Alors on propose un lieu sécurisant, qui devient pour beaucoup, « le rendez-vous de la semaine » pour vivre quelque chose de collectif, pour parler français, et s’exprimer sur sa réalité. Certaines arrivent parfois avec des questionnements, qu’elles veulent partager avec les autres et trouver des bouts de solutions, ou simplement des oreilles attentives et compréhensives : « je te comprends, c’est pareil à la maison ! »

Et aujourd’hui ?

Encore aujourd’hui, « les parents papotent » évoluent. Les mamans investissent de plus en plus le moment, s’octroient le droit de prendre des fils de scoubidous, restés là, sur une étagère pour les enfants et jeunes du Point Écoute Parents. Et ensemble elles apprennent ou réapprennent la technique des scoubidous, elles tissent leurs liens. En se replongeant dans cette activité d’enfance, elles parlent. Heureusement que nous sommes garantes du cadre, et de l’heure qui passe, sinon, nombre de fois il aurait fallu courir pour arriver à l’heure de la sortie d’école pour les plus grands !

Le cadre d’ailleurs… parlons-en. Tous les vendredis de 15h à 16h30 hors vacances scolaires. C’est clair et facile à retenir.

Les parents peuvent venir et partir à l’heure souhaitée, il n’y a pas besoin de s’inscrire, ni de se justifier. Les portes leur seront toujours ouvertes. Cette libre-adhésion rassure et permet aux parents d’avoir le choix.

Nous parlons de cet espace de rencontre régulièrement aux partenaires avec lesquels nous travaillons. Ils y voient du sens et n’hésitent plus à y orienter des parents qu’ils accompagnent, ce qui permet à des familles d’oser passer les portes, sans quoi, elles ne l’auraient peut-être jamais fait. Grâce à cela, « les parents papotent » s’ouvrent vers l’extérieur, au-delà du quartier de Kervénanec.

Et, au travers de ce temps collectif, il peut nous arriver de rappeler la possibilité d’avoir un temps individuel, un autre espace, rien que pour soi. On évoque aussi, ce qui existe sur le quartier et les alentours, les ressources proposées par le réseau, qui pourraient répondre à des questionnements ou des problématiques plus précises.

L’année 2023, s’est clôturée par un goûter de Noël, à l’initiative de certaines mamans d’origine kurdes, désirant nous faire découvrir leur cuisine. Nous avons donc eu la chance de déguster des pizzas et gâteaux turcs, et nous avons perçu beaucoup de fierté de la part de ces mamans d’être à l’origine de ce moment convivial du 22 décembre.

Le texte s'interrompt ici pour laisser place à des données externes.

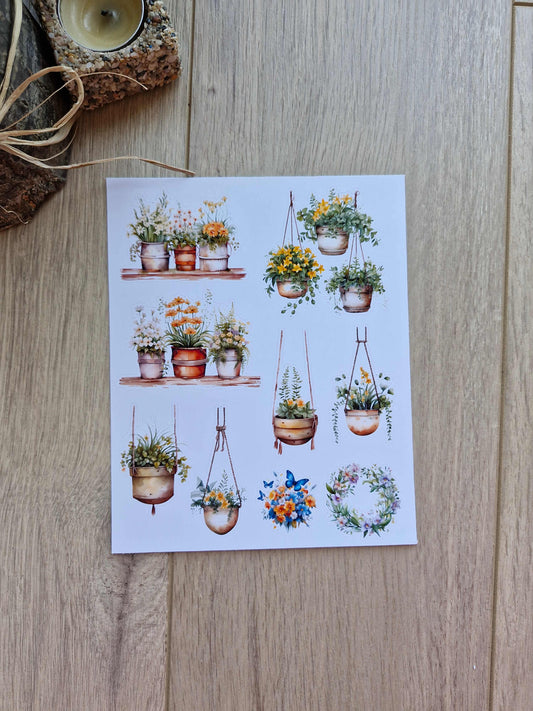 9 Adet Saksı Temalı Sticker Bullet Journal Scrapbook Laptop Sticker Çiçek Bitki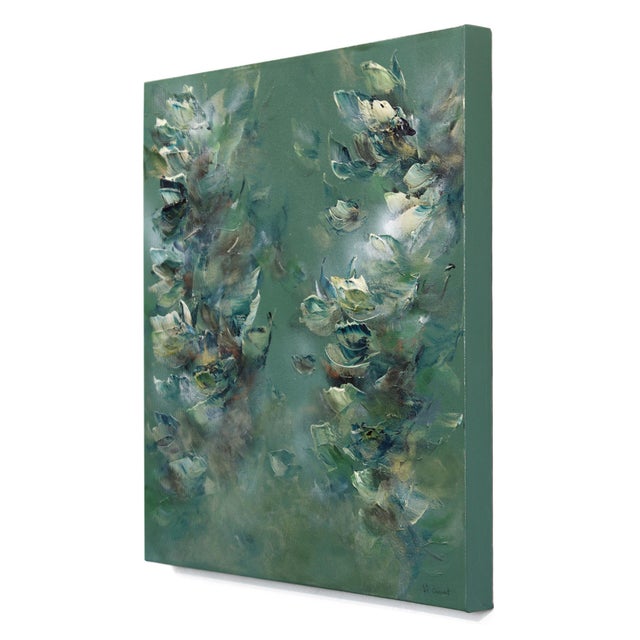 Healing Forest - Abstract Green Tone Textural Floral Acrylic Canvas Painting Original Artwork by Ve Boisvert For Sale In Los Angeles - Image 6 of 9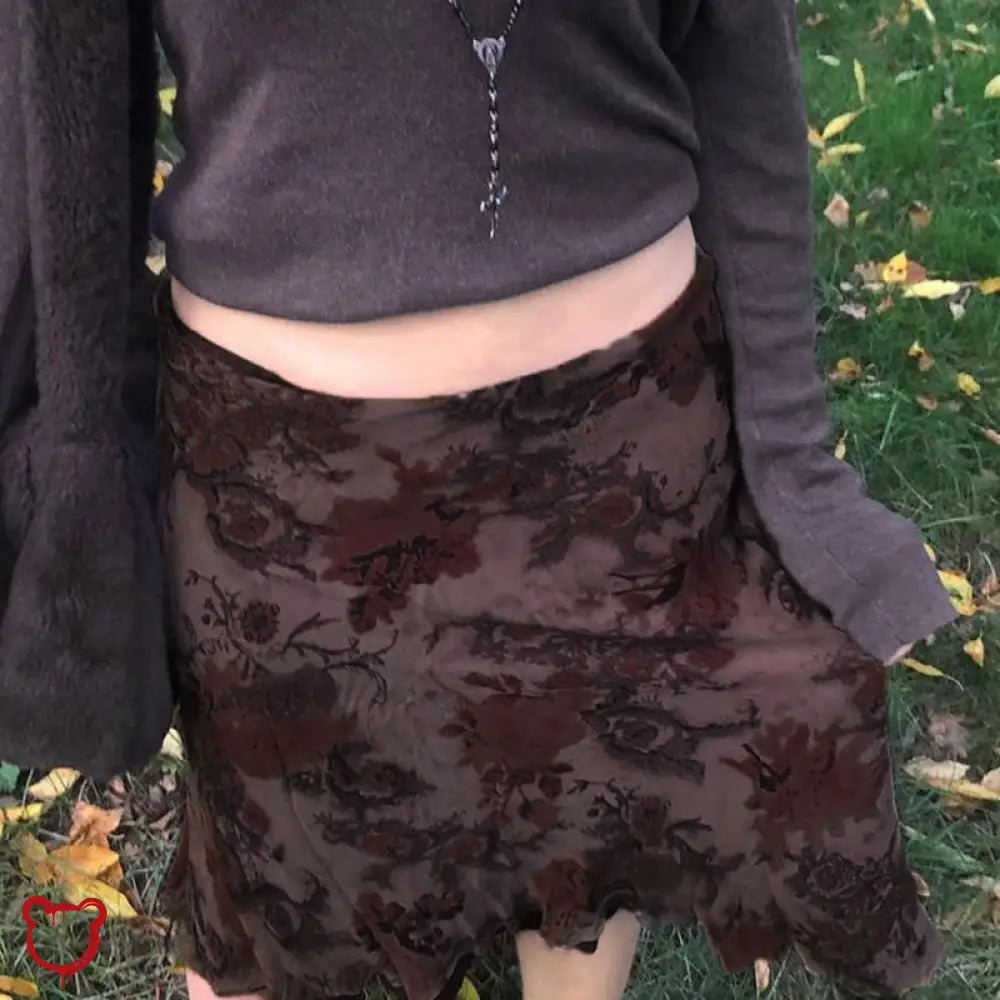 Purple/Brown Floral Long Skirt Clothing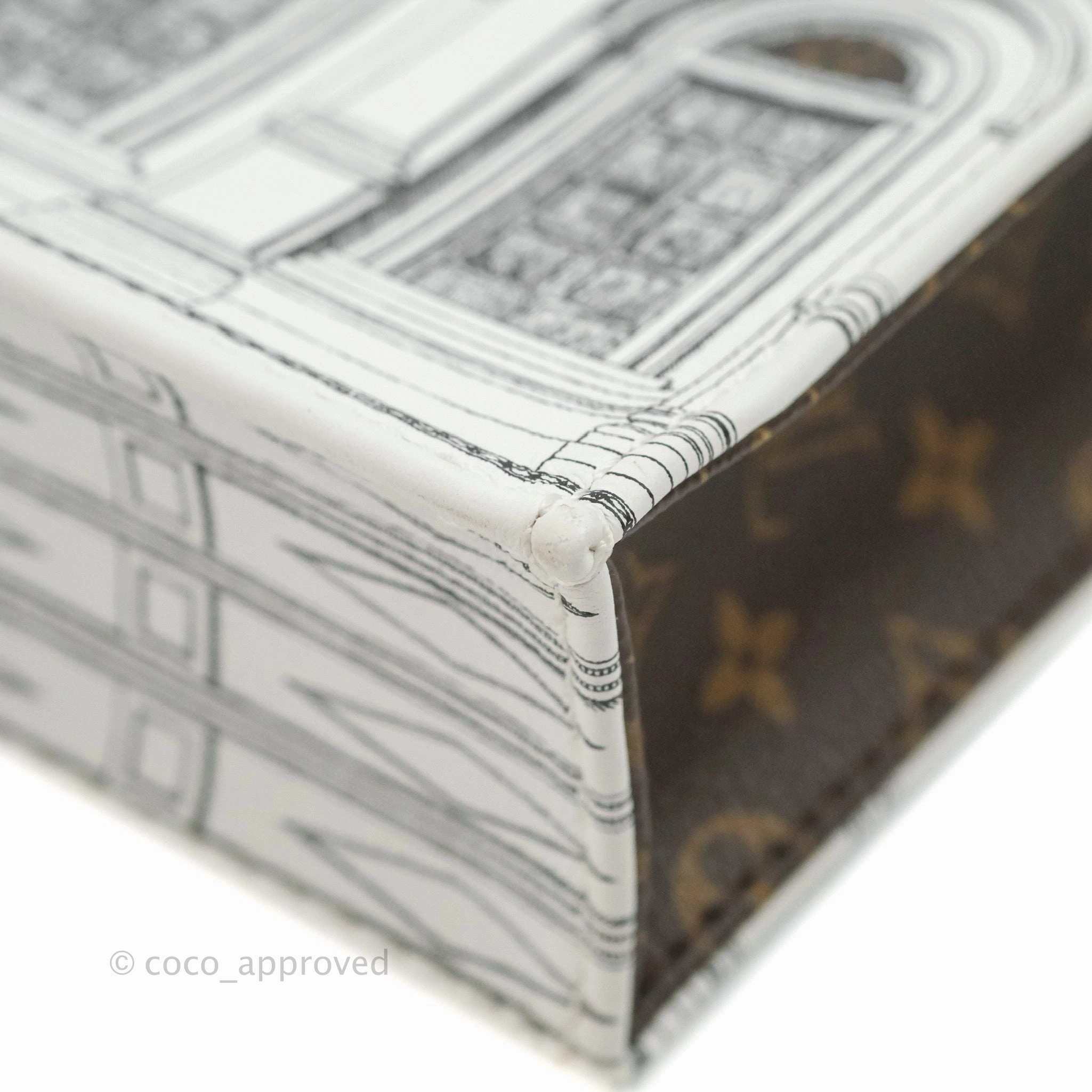 Louis Vuitton X Fornasetti Calfskin Architettura Petit Sac Plat Black White Gold Hardware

Et si nous allions plus loin ensemble ?

En 2024, nous ouvrons les portes des « parents papotent » aux partenaires qui aimeraient venir se présenter autour d’un café. L’idée n’est pas d’« organiser » une activité sur ces moments-là, mais de permettre la rencontre et l’inter connaissance. Être repérés sur le quartier et au-delà, découvrir les personnes et lieux ressources, et pourquoi pas, intégrer, ou créer, de nouveau projets et temps collectifs. Ce sont les professionnel.les qui viennent à la rencontre des parents et non l’inverse. Nous intégrerons aussi des temps de projection de court-métrage que nous appelons « cafés parents », sur les temps « des parents papotent » afin d’amener certaines thématiques sur lesquelles il nous semble pertinent d’échanger. « Les parents papotent », comme n’importe quel autre temps collectif, est en constante évolution. Il nous tient à cœur de toujours répondre aux mieux aux besoins et envies des parents qui passent les portes de SeSAM. Nous ne savons jamais à l’avance quel chemin prendront nos temps collectifs…

« Ne pas savoir » ne veut pas dire prétendre à rester ignorant mais c’est défendre l’idée de rencontrer l’autre. Lorsque le savoir est dominé par les certitudes la possibilité de rencontre n’est plus possible puisque le lieu de l’intime ne peut se mettre en mouvement.